Saturday, May 27, 2006

God and man in one.

John Calvin has written:
“Another principal part of our reconciliation with God was, that man, who had lost himself by his disobedience, should, by way of remedy, oppose to it obedience, satisfy the justice of God, and pay the penalty of sin. Therefore, our Lord came forth very man, adopted the person of Adam, and assumed his name, that he might in his stead obey the Father; that he might present our flesh as the price of satisfaction to the just judgment of God, and in the same flesh pay the penalty which we had incurred. Finally, since as God only he could not suffer, and as man only could not overcome death, he united the human nature with the divine, that he might subject the weakness of the one to death as an expiation of sin, and by the power of the other, maintaining a struggle with death, might gain us the victory. Those, therefore, who rob Christ of divinity or humanity either detract from his majesty and glory, or obscure his goodness. On the other hand, they are no less injurious to men, undermining and subverting their faith, which, unless it rest on this foundation, cannot stand. Moreover, the expected Redeemer was that son of Abraham and David whom God had promised in the Law and in the Prophets. Here believers have another advantage. Tracing up his origin in regular series to David and Abraham, they more distinctly recognize him as the Messiah celebrated by so many oracles.
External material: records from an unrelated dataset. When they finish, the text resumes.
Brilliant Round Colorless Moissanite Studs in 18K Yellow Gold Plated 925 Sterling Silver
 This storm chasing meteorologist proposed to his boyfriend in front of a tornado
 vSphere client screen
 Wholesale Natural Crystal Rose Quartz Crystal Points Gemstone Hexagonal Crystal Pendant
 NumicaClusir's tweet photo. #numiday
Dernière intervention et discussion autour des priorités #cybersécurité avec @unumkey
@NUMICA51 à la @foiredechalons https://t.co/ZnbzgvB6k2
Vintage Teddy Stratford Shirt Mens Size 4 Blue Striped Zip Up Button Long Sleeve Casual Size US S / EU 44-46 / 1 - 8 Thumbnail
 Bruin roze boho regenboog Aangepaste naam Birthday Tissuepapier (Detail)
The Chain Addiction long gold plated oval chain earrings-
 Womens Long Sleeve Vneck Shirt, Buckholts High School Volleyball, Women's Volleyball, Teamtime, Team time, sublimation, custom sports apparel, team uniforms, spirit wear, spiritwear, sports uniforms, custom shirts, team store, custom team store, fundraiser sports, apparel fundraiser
But special attention must be paid to what I lately explained, namely, that a common nature is the pledge of our union with the Son of God; that, clothed with our flesh, he warred to death with sin that he might be our triumphant conqueror; that the flesh which he received of us he offered in sacrifice, in order that by making expiation he might wipe away our guilt, and appease the just anger of his Father.”
(Calvin, John. Institutes of the Christian Religion, Grand Rapids, MI: Wm. B. Eerdmans Publishing, 1998, p. 402.)